Nos coups de coeur
A l’heure où nous sommes assaillis par des modèles féminins et masculins toujours plus déconstruits, toujours plus laids aussi, finalement bien incapables de jouer le rôle qu’on attend précisément de modèles – nous faire rêver, nous élever, Yannick Jaffré propose une réflexion très intéressante sur un autre féminisme, le féminisme de l’est, de la Russie plus précisément.
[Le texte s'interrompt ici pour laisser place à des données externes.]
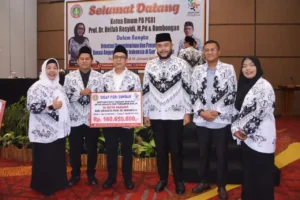 PGRI Ulurkan Tangan, Bantu Korban Bencana Padang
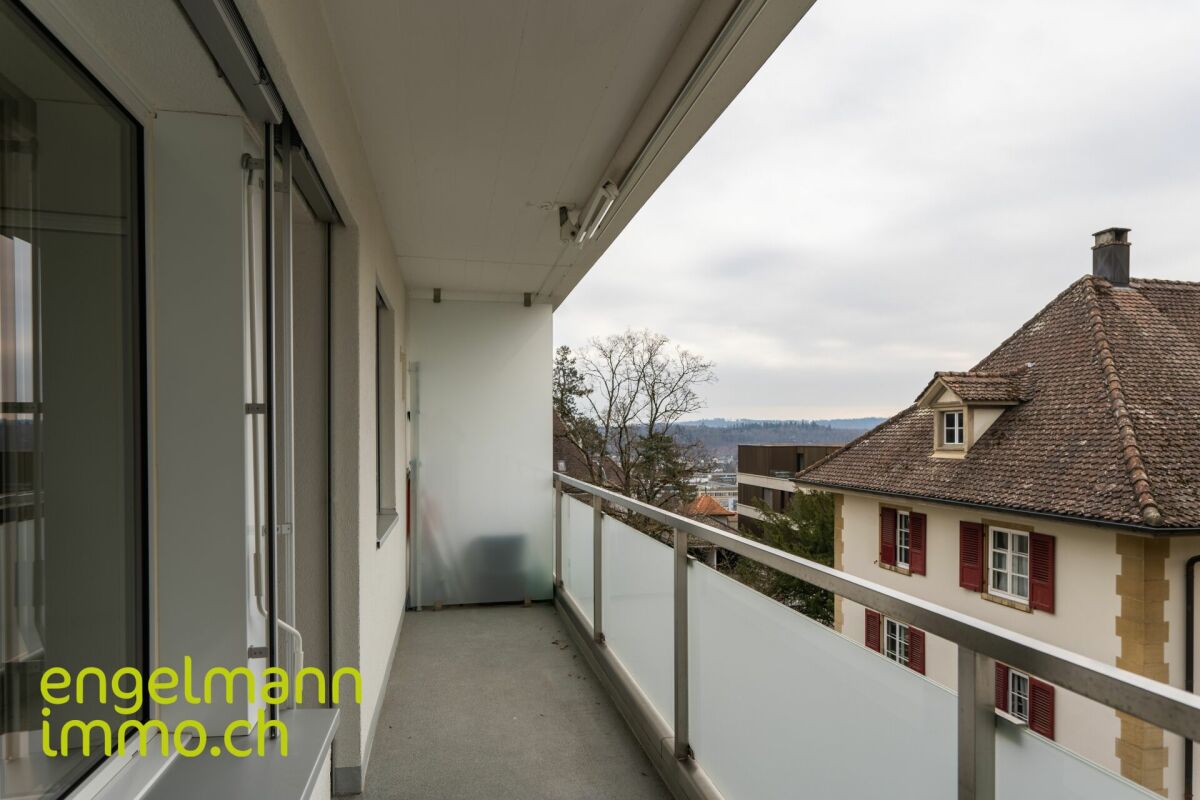 3 Zimmerwohnung mit Balkon / Appartement de 3 pièces avec balcon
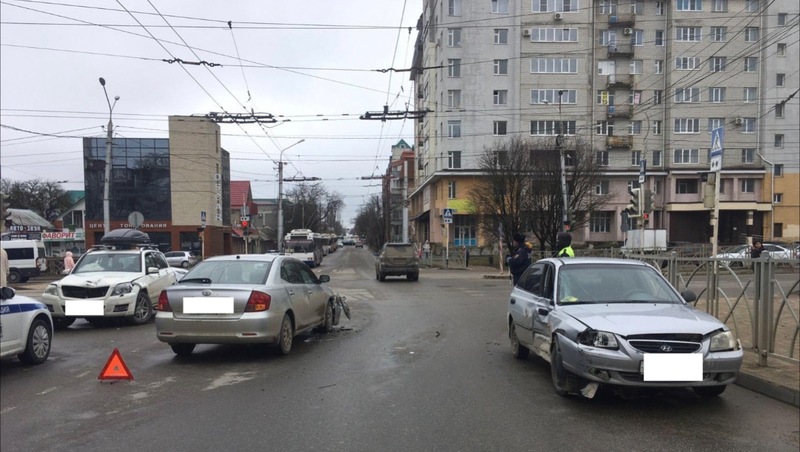 Супруги-пенсионеры пострадали в тройном ДТП в Ставрополе 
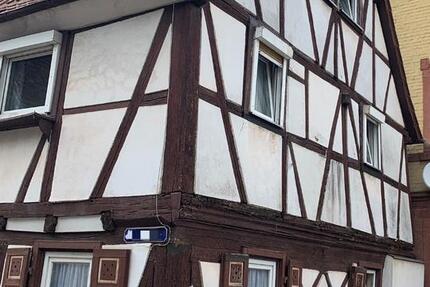 Haus Annweiler am Trifels - 5 Zimmer, 110 m&sup2;, 108.000&euro; | Angebot:25724453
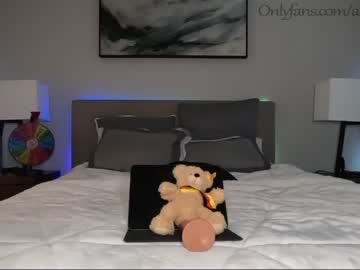 webcam couple ari_lovexo live cam image #2157733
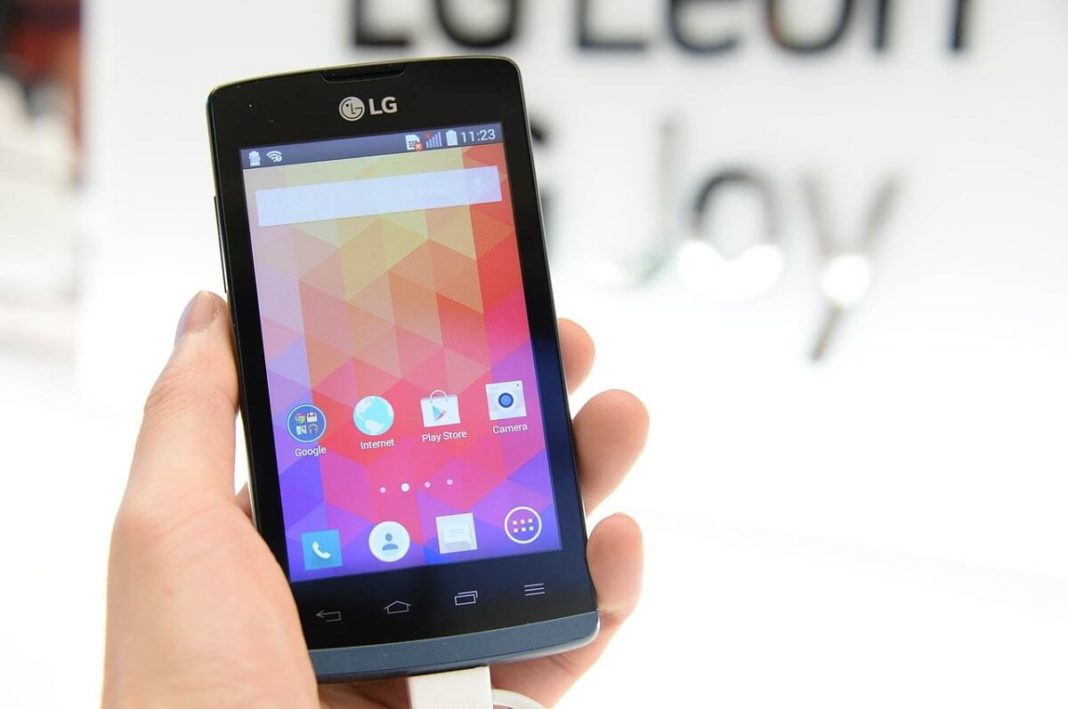 Premium LG Mobile Phones & Accessories to Buy in 2020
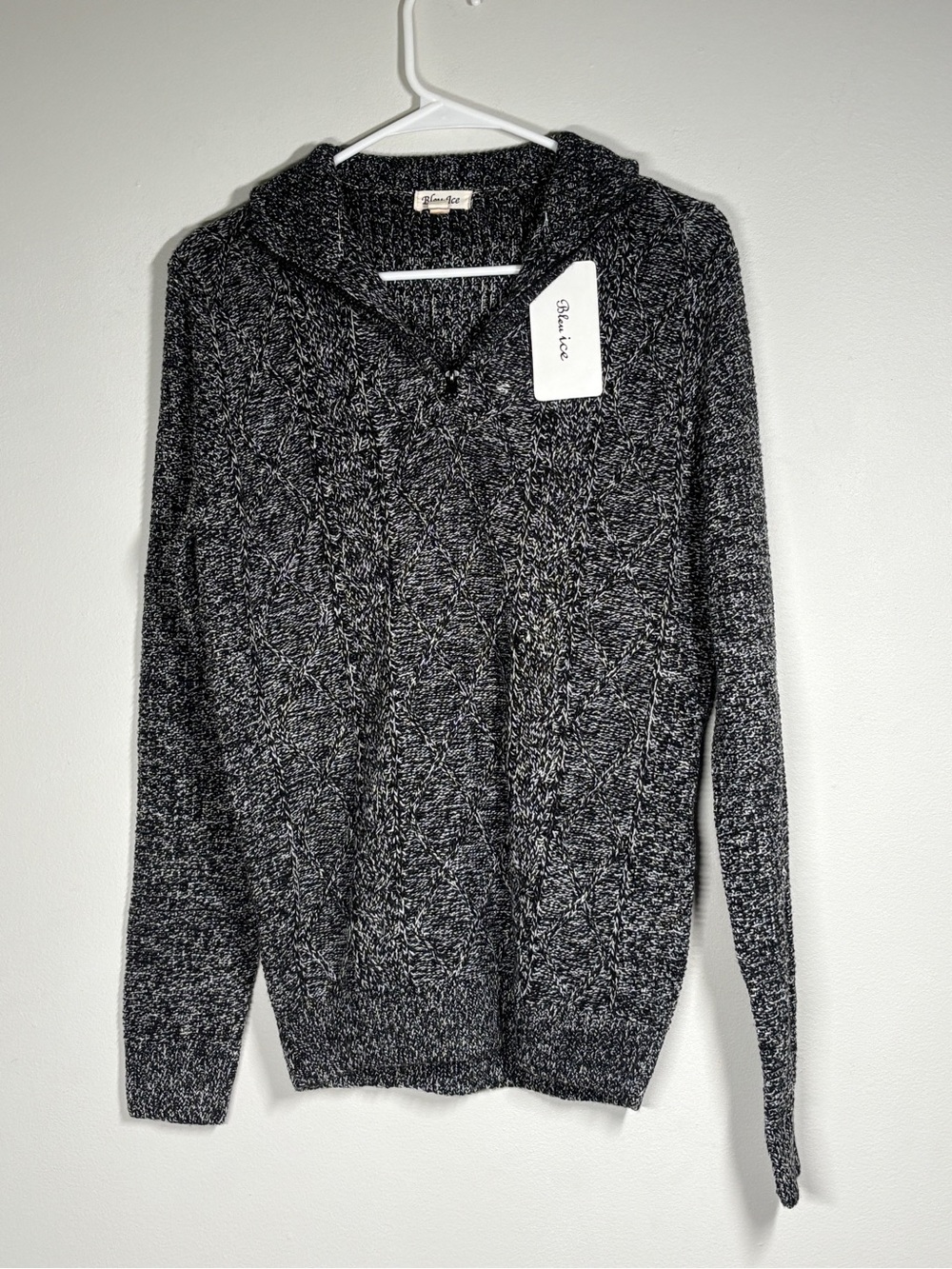 NWT Bleu Ice Cable Knit Sweater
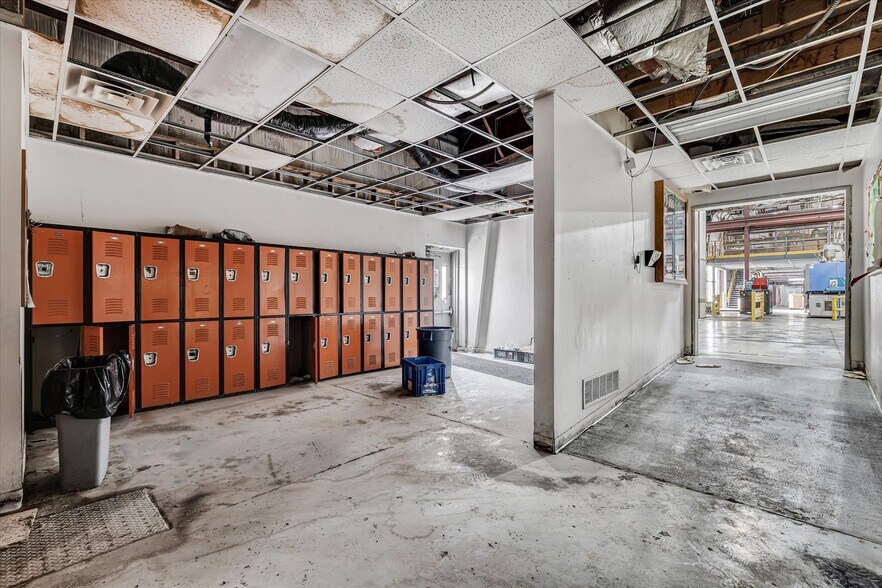 More Photos Of 202 1st St S, Kalona Manufacturing For Sale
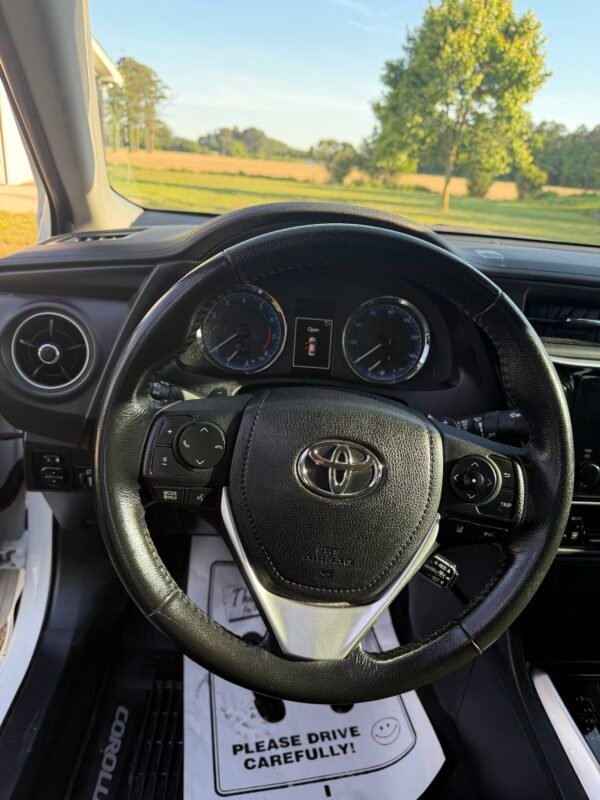2017 TOYOTA COROLLA SE | 73K MILES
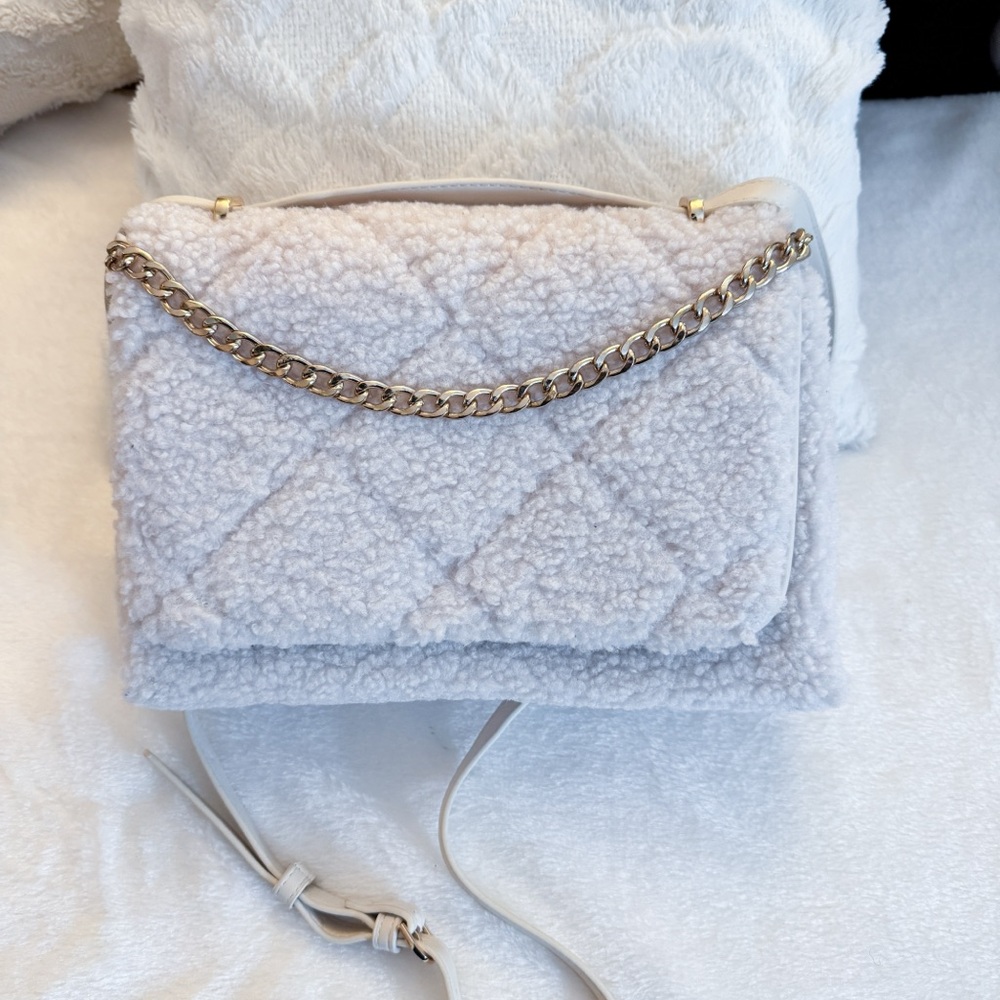 Cream/Ivory Sherpa Chain Shoulder Bag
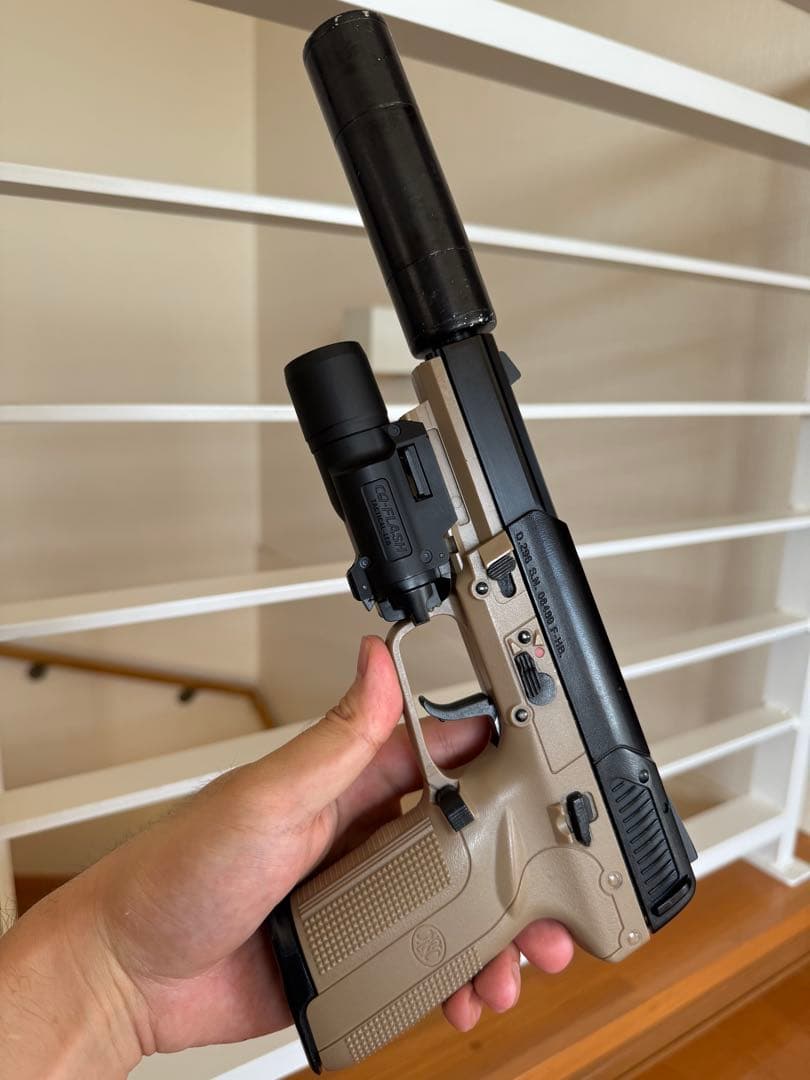 東京マルイ ファイブセブン カスタム品 ガスガン サプレッサー ライト付き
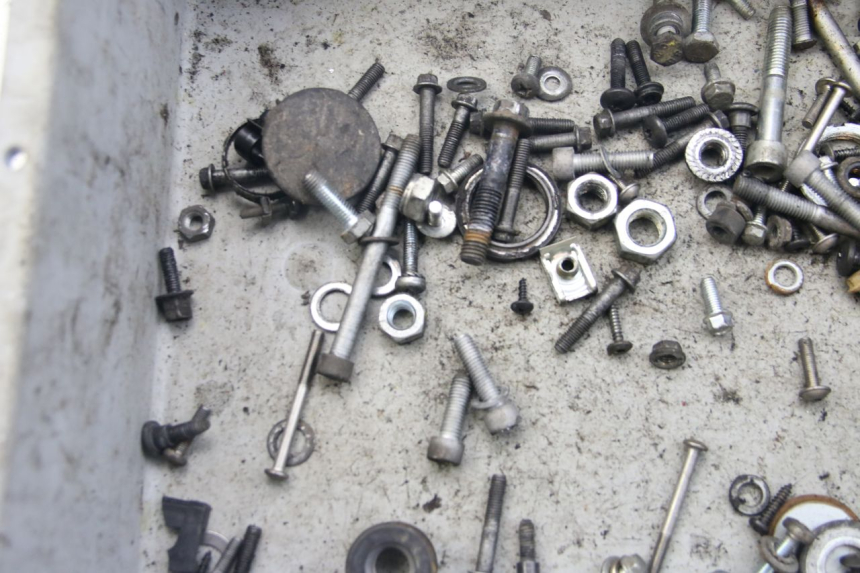 photo de TORBA ZESTAW ŚRUB I WKRĘTÓW PIAGGIO VESPA S 2T 50 (2007 - 2014) - Zoom stanu zużycia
La Russie a un rapport très différent du nôtre à la femme. Au-delà du cliché de la « fille de l’est », une fille jolie, séduisante, alimentant les agences de mannequins et facilement soumise à l’homme, il existe une authentique figure de la femme forte en Russie, aussi bien dans le passé traditionnel que dans la mythologie soviétique qui n’a pas craint de mettre en valeur, par exemple à l’époque de la Grande guerre patriotique, des figures de femmes sans peur et sans reproches, conduisant des chars ou pilotant des avions de chasse, et se voyant honorées de la célèbre distinction de « Héros de l’Union soviétique ». Derrière cet état de fait, l’empreinte indélébile de la spiritualité orthodoxe, pour qui un homme reste, de manière sacrée, un homme, et une femme, une femme.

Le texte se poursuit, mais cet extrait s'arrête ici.